Hey guys. Sorry to be a pain in the butt, and im sure this has been answered here before but i can't seem to find my exact problem.

I recently put together a PC of my own and upon first using it, and now still, sound only comes out of one speaker. i have my stereo hooked up to the pc so the sound comes out of that, but i have tried multiple other devices, including PC speakers, other leads, other stereo's etc and its the same on all of them.
Spec:
Windows XP
Athlon 64 Venice 3200
Nvidia Leadtek Winfast A340 Graphics Card
Abit UL8 Motherboard
Compaq 20G HD

Any help would be much appreciated guys.

Thanks, Colin.


----------



## Terrister (Apr 18, 2005)

Last time this happended to me, it was a bad sound card. Do you have another one you can try? Is this onboard or a card?


----------



## koala (Mar 27, 2005)

Check the Playback Balance slider in Volume Control.


----------



## ZDarryl (Dec 13, 2005)

That could be it....


----------



## squeezor (Dec 17, 2004)

I have this same problem but my balance is in the middle like its shown in the picture above, but still i only get sound in left speakers. Same thing goes for headphones. Help please!


----------



## ZDarryl (Dec 13, 2005)

squeezor said:


> I have this same problem but my balance is in the middle like its shown in the picture above, but still i only get sound in left speakers. Same thing goes for headphones. Help please!
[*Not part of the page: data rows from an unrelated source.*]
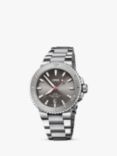 Oris 73377304153-82405PEB Men's Aquis Automatic Date Relief Bracelet Strap Watch, Silver/Grey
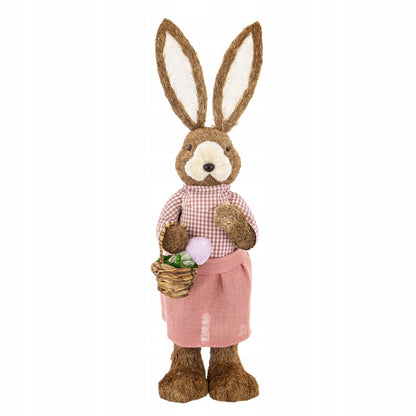Duża Figurka Królik Wielkanocny 79 cm Dekoracja XXL Z Koszykiem zając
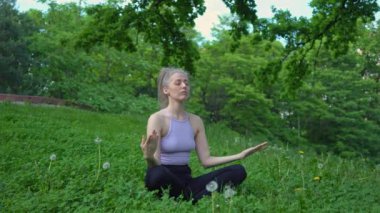 Genç ve formda bir kadın sabah vakti parkta yoga yapıyor. Güzel kız dışarıda yoga egzersizi yapıyor. Gerçek zamanlı.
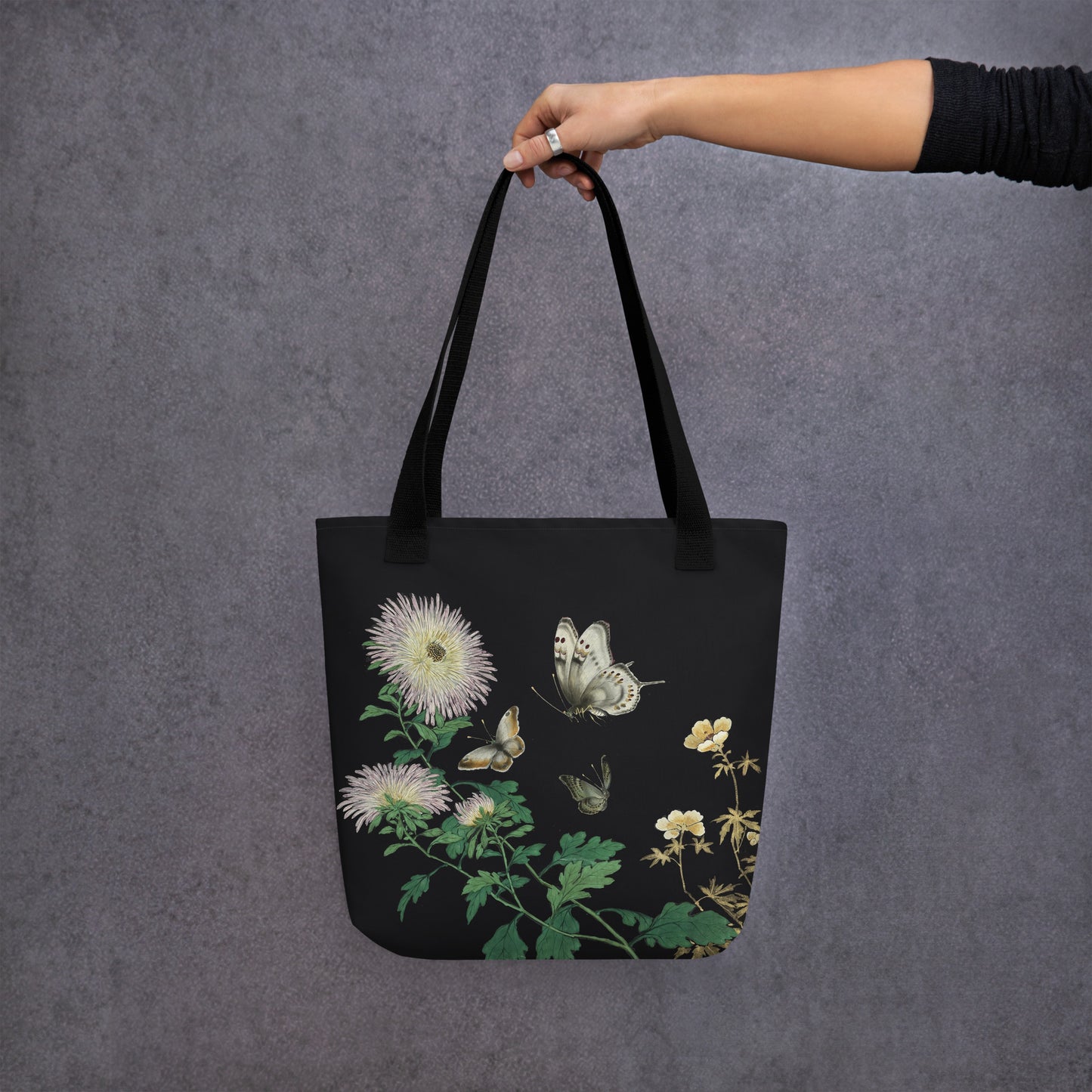 Cats And Butterflies Of Longevity｜Butterflies amidst the Blooming Chrysanthemum and Okra｜Tote bag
Is yours onboard sound or a sound card?


----------



## leroys1000 (Aug 16, 2005)

I am assuming you used an adapter to convert from mini plug to RCA.
Did you make sure the adapter is stereo?
If you haven't hooked up the front audio ports.
check the header on the mother board.
The jumpers need to be connected properly.
They should be marked something like,R_IN,R_OUT,L_IN,L_OUT.
The R_IN AND R_OUT need to be jumpered together,same with the left,
if you are not using front audio.
The jumpers might have been set incorrectly at the factory.


----------



## squeezor (Dec 17, 2004)

My sound card is onboard, its stuck in the motherboard. Its not separated.


----------